High-speed graph ingestion with Memgraph and Apache Spark
This guide demonstrates how to efficiently ingest 2 million edges into Memgraph within 3 seconds using Apache Spark. The script leverages Memgraph’s IN_MEMORY_ANALYTICAL mode for multithreading, DROP GRAPH for instant dataset clearing, and indexing to optimize relationship insertions. Below, we break down the key components of the script and explain their importance.
Prerequisites
- Memgraph installed and running
- Apache Spark configured (using PySpark)

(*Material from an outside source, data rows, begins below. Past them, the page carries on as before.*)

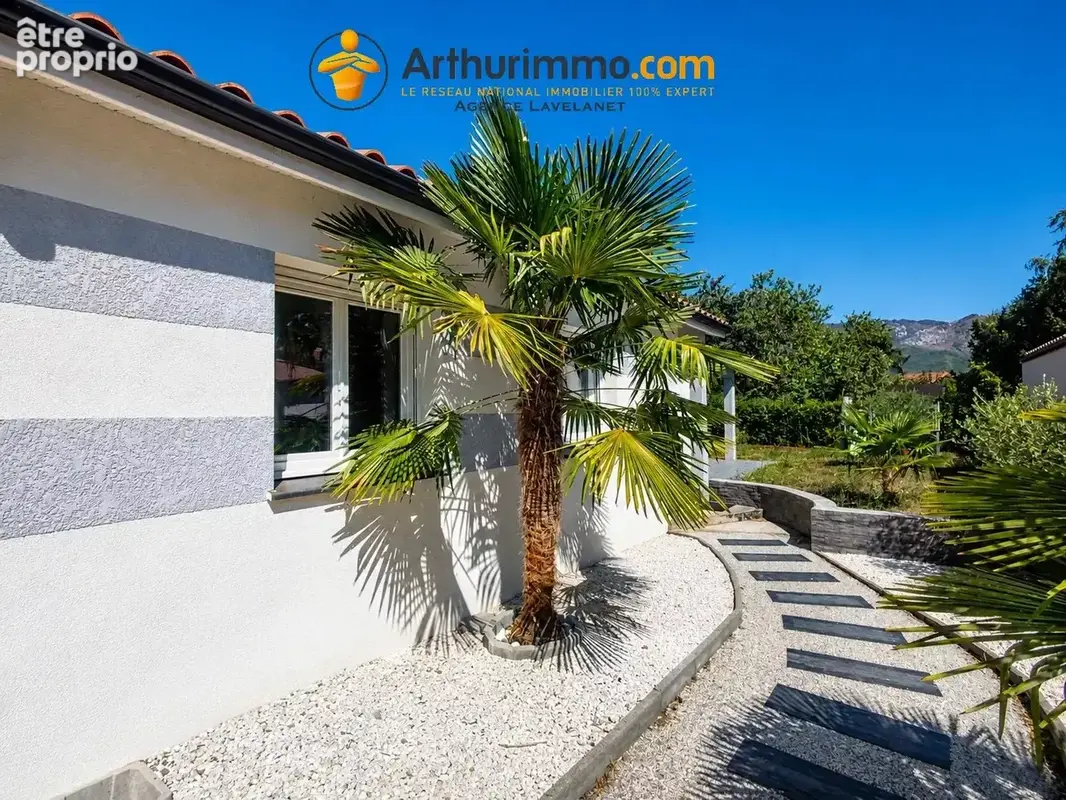 Maison contemporaine de plain-pied 131m²- garage 35m² - photo 2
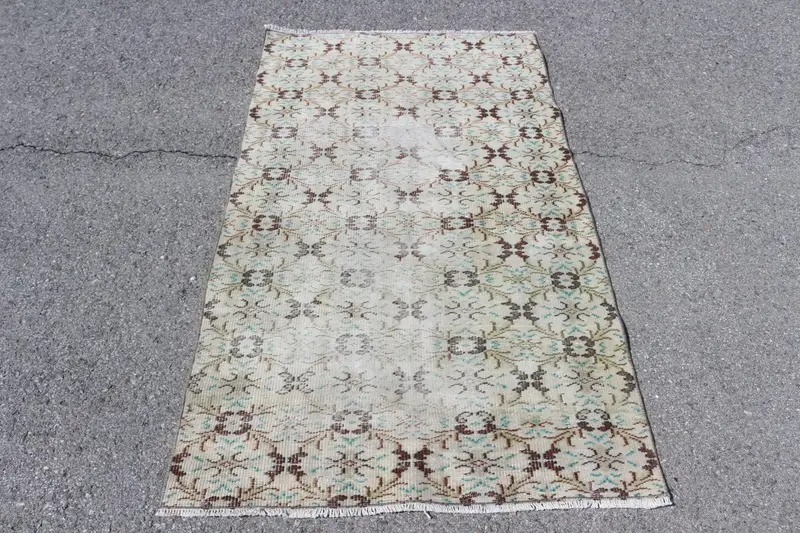 Türkischer 3,6x6,3 ft Teppich, Vintage Akzentteppich, brauner Blumenteppich - 1
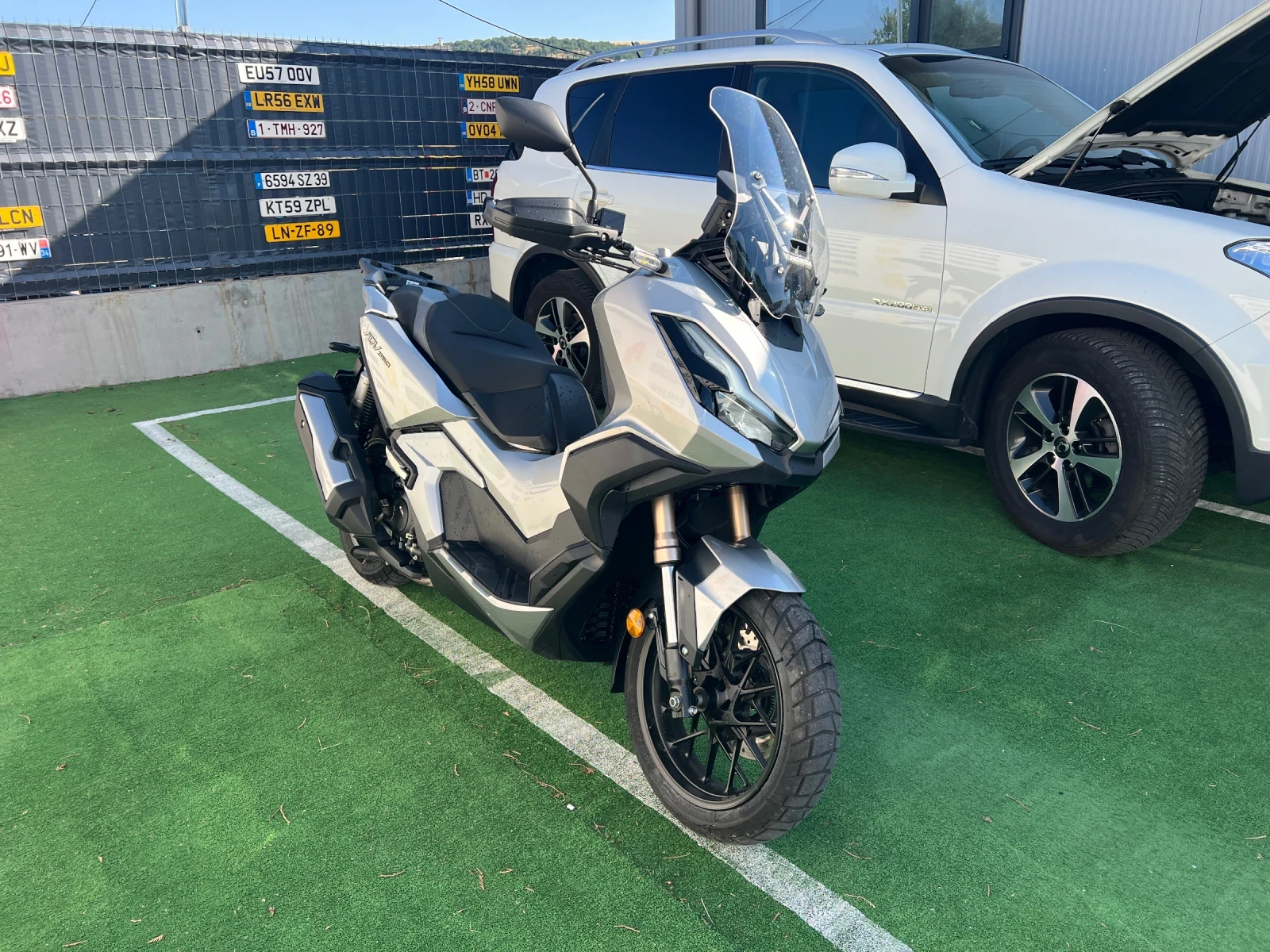 Honda X-ADV 350i 9000km Неразличим от нов, снимка 1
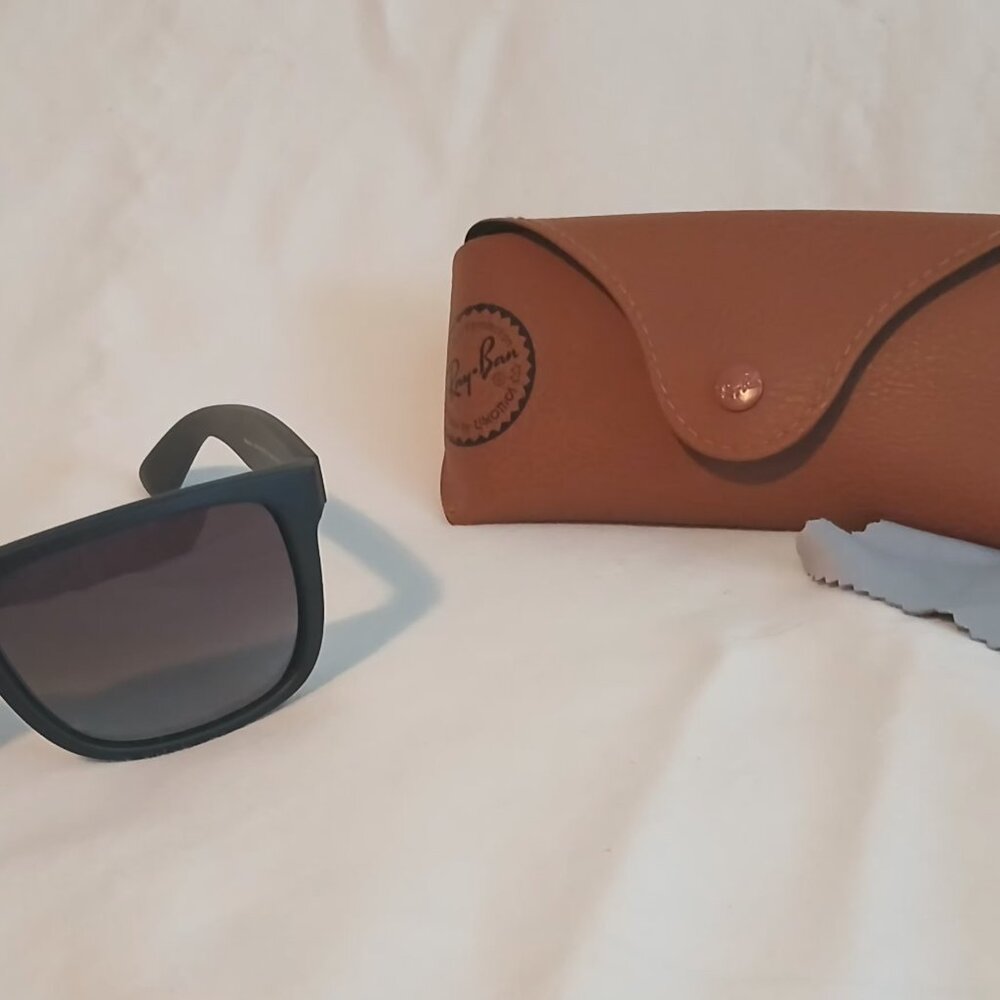 Ray-Ban's Justin Polarized Sunglasses - Picture 2 of 8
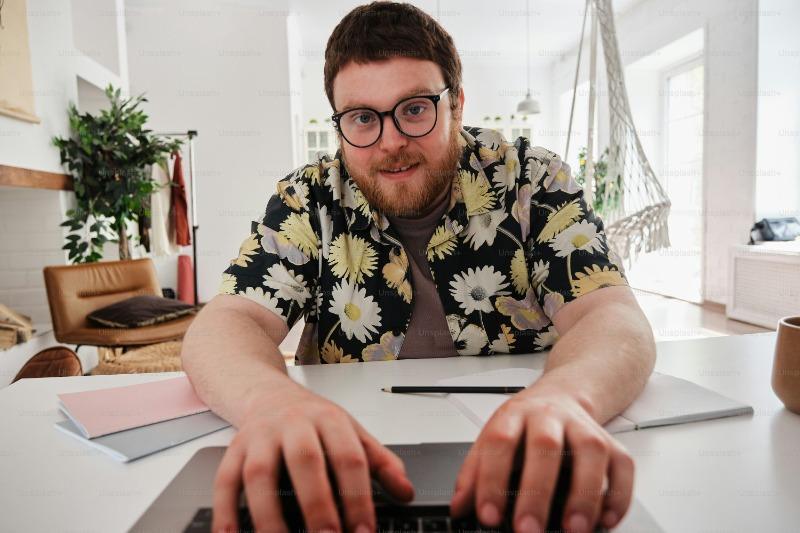 POV 是什麼？POV意思、用法、梗圖範例一次搞懂：TikTok、IG 社群視角梗完整指南 (1)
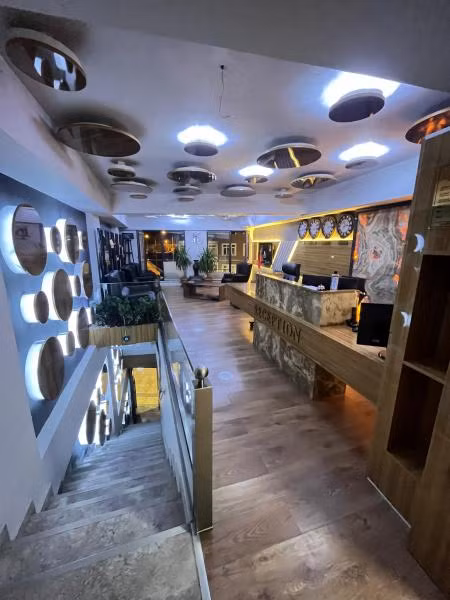 Black Lake Otel — 3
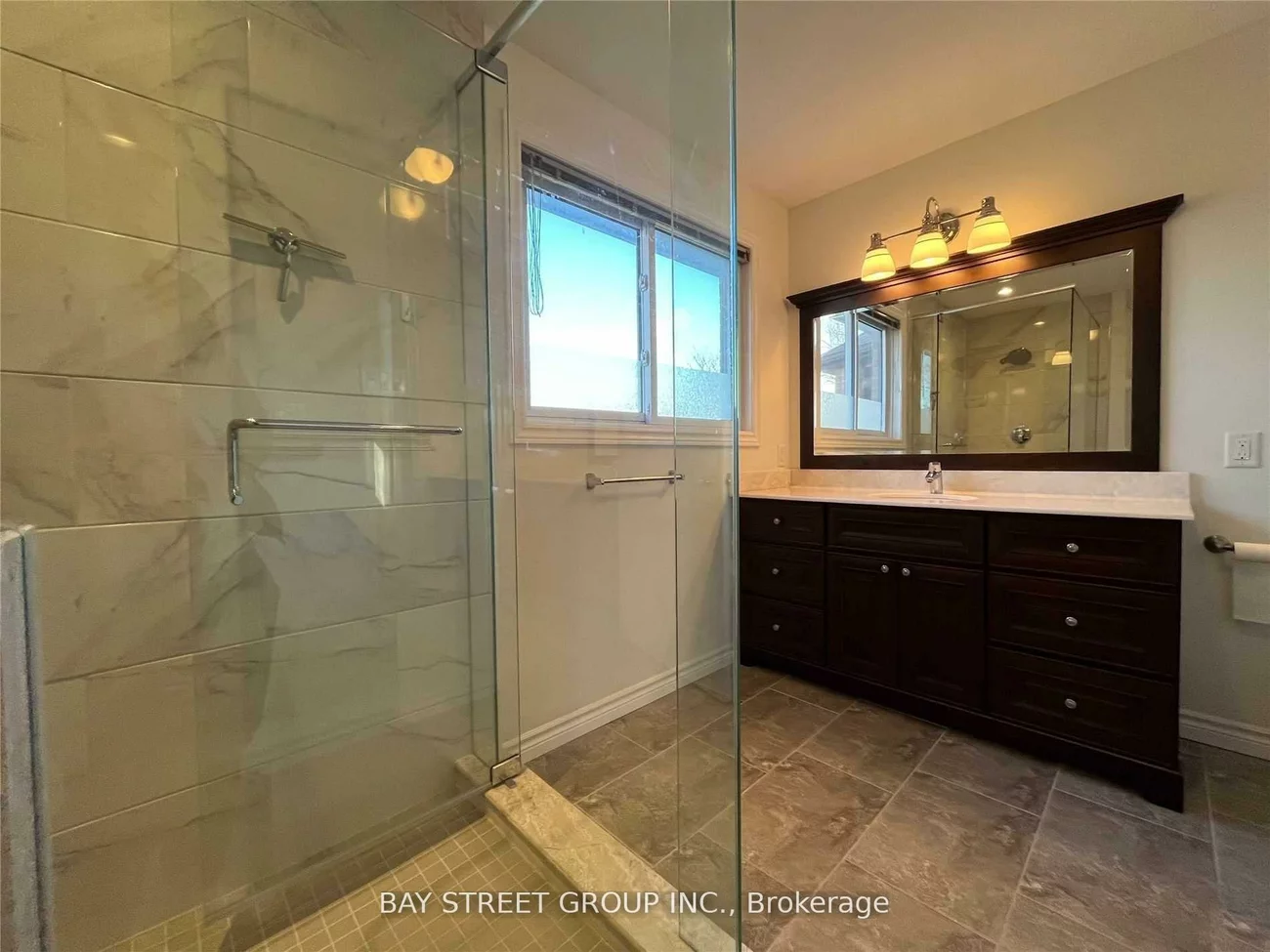 342, Carrier, 1015 - RO River Oaks, Oakville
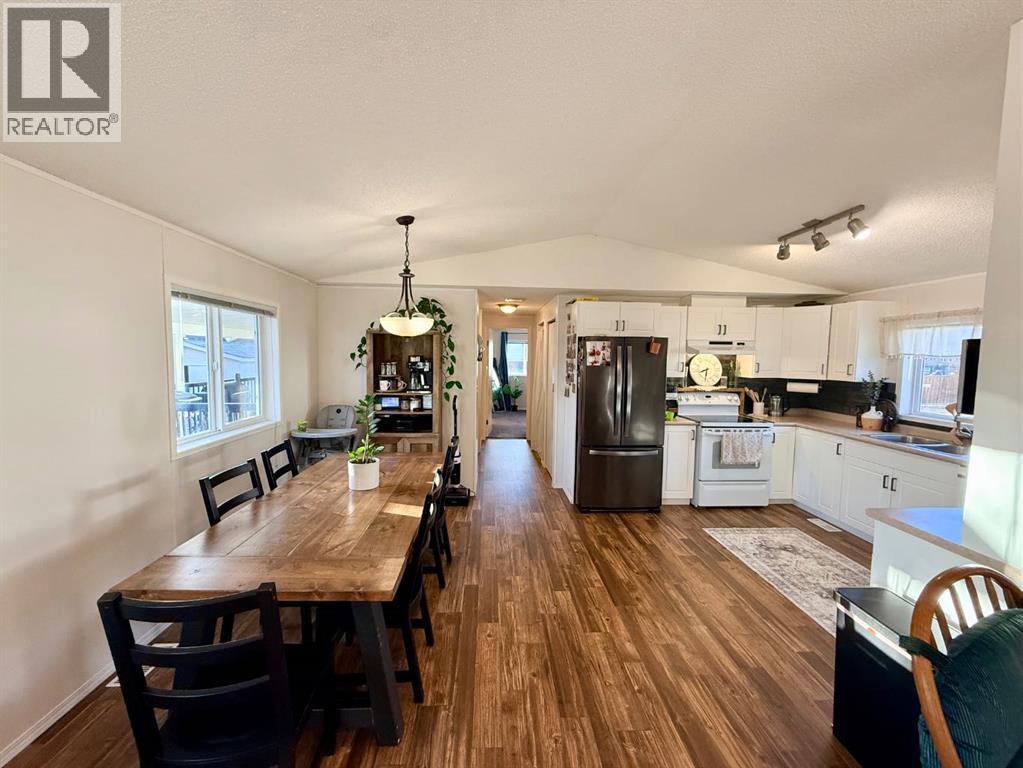 11106 98 Ave, La Crete, Alberta  T0H 2H0 - Photo 15 - A2310364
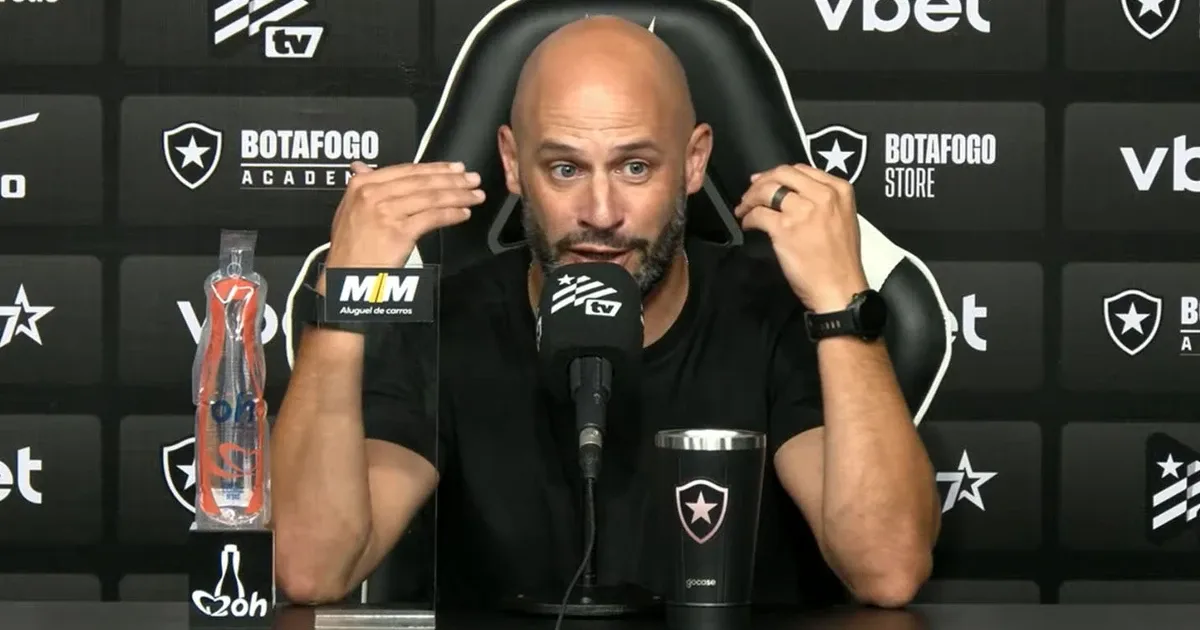 Técnico do Botafogo critica imprensa no tratamento sobre Danilo: ‘É uma falta de respeito. Não me entra na cabeça o que vocês têm feito’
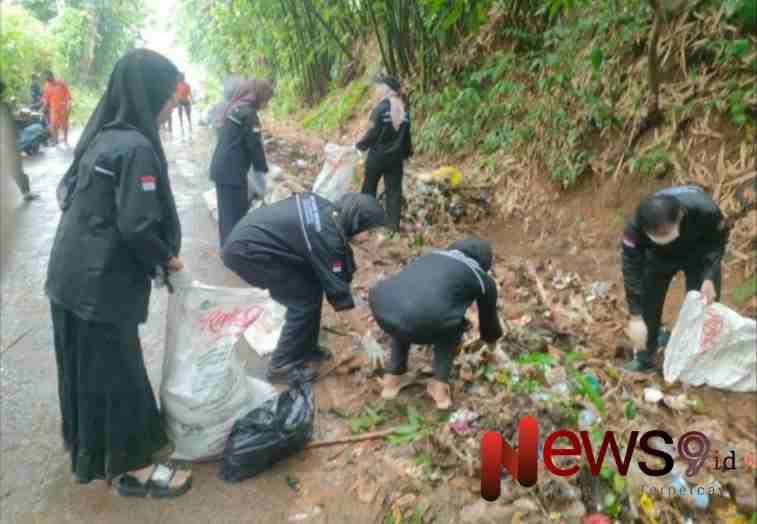 Foto: Badan Eksekutif Mahasiswa (BEM) Stika Al-Hidayah Arjasa menunjukkan kepeduliannya terhadap kelestarian lingkungan, @by_News9.id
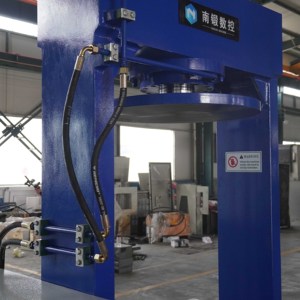 Prensa Hidráulica Portátil de 100 Toneladas para Neumáticos Sólidos de Montacargas - Product Image 6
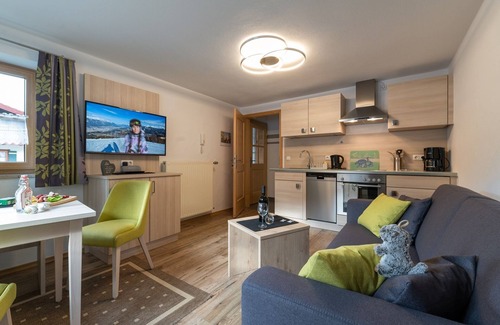 Oberschonau Apartment | Ideal Vacation Apartment Grünstein for 1-2 Guests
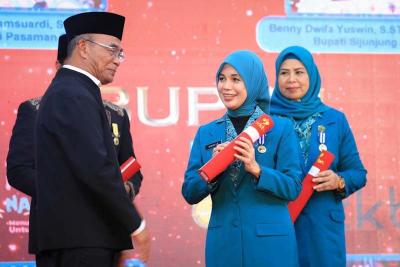 Ketua TP PKK Jateng Siti Atikoh Ganjar menerima penghargaan Manggala Karya Kencana pada  acara Gala Dinner Hari Keluarga Nasional (Harganas) ke-30.
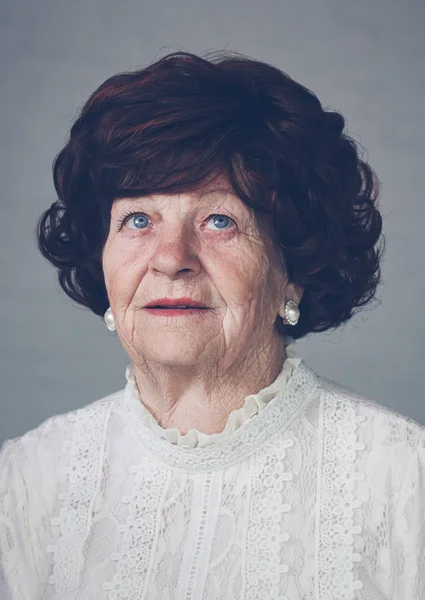 Портрет красивой взрослой женщины в возрасте, 80 лет — стоковое фото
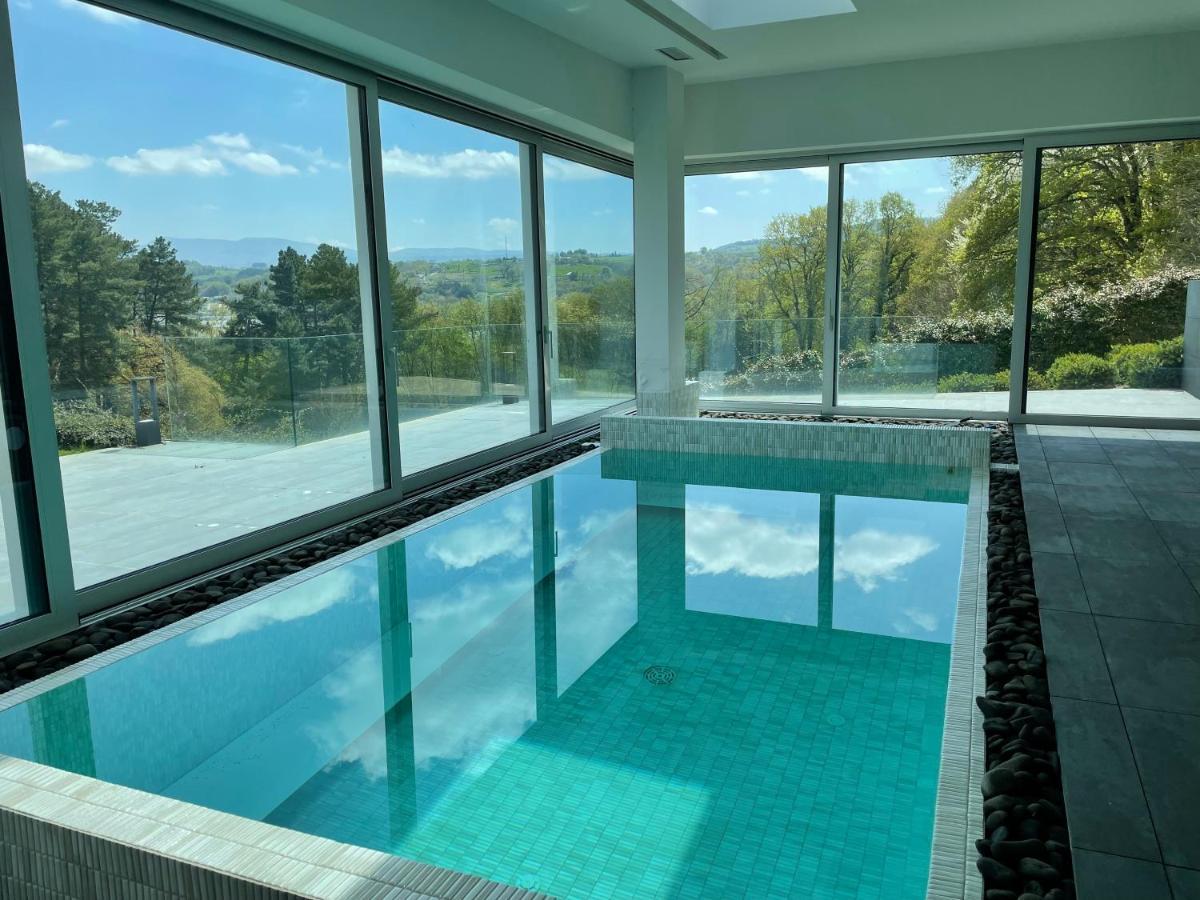 Tres Prismas Exclusive Villa Саррия Екстериор снимка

- this guide uses GQLAlchemy to query Memgraph with Python
- CSV files containing node and relationship data
Compatibility table
When using Apache Spark with Memgraph, ensure that you use the correct Neo4j Spark Connector version based on your Spark and Scala versions. Below is a compatibility table:
Spark Version | Artifact (Scala 2.12) | Artifact (Scala 2.13) |
---|---|---|
3.3 | org.neo4j:neo4j-connector-apache-spark_2.12:5.1.0_for_spark_3 | org.neo4j:neo4j-connector-apache-spark_2.13:5.1.0_for_spark_3 |
3.2 | org.neo4j:neo4j-connector-apache-spark_2.12:5.0.3_for_spark_3 | org.neo4j:neo4j-connector-apache-spark_2.13:5.0.3_for_spark_3 |
3.0 and 3.1 | org.neo4j:neo4j-connector-apache-spark_2.12:4.1.5_for_spark_3 | org.neo4j:neo4j-connector-apache-spark_2.13:4.1.5_for_spark_3 |
Make sure to include the appropriate dependency in your Spark configuration to ensure compatibility with Memgraph when performing high-speed graph ingestion. 🚀-
Running Memgraph with Docker
To start Memgraph using Docker, use the following command:
docker run -it --rm -p 7687:7687 -p 3000:3000 memgraph/memgraph-mage
This command runs Memgraph in an interactive mode, exposing its Bolt and web ports.
CSV file structure
Before running the ingestion script, ensure your CSV files are structured correctly:
-
node CSV (
pokec_medium_nodes.csv
-> 100k nodes)- Contains a single column:
id
: Unique identifier for each person
- Contains a single column:
-
relationship CSV (
pokec_medium_relationships.csv
-> 1.7 million edges)- Contains two columns:
from_id
: ID of the starting node (person)to_id
: ID of the connected node (person)
- Contains two columns:
Code breakdown
1. Establish connection to Memgraph
from gqlalchemy import Memgraph
from pyspark.sql import SparkSession
import time
# Connection to Memgraph
url = "bolt://localhost:7687"
dbname = "memgraph"
memgraph = Memgraph()
Memgraph is initialized using the gqlalchemy
Python client, establishing a connection via Bolt protocol.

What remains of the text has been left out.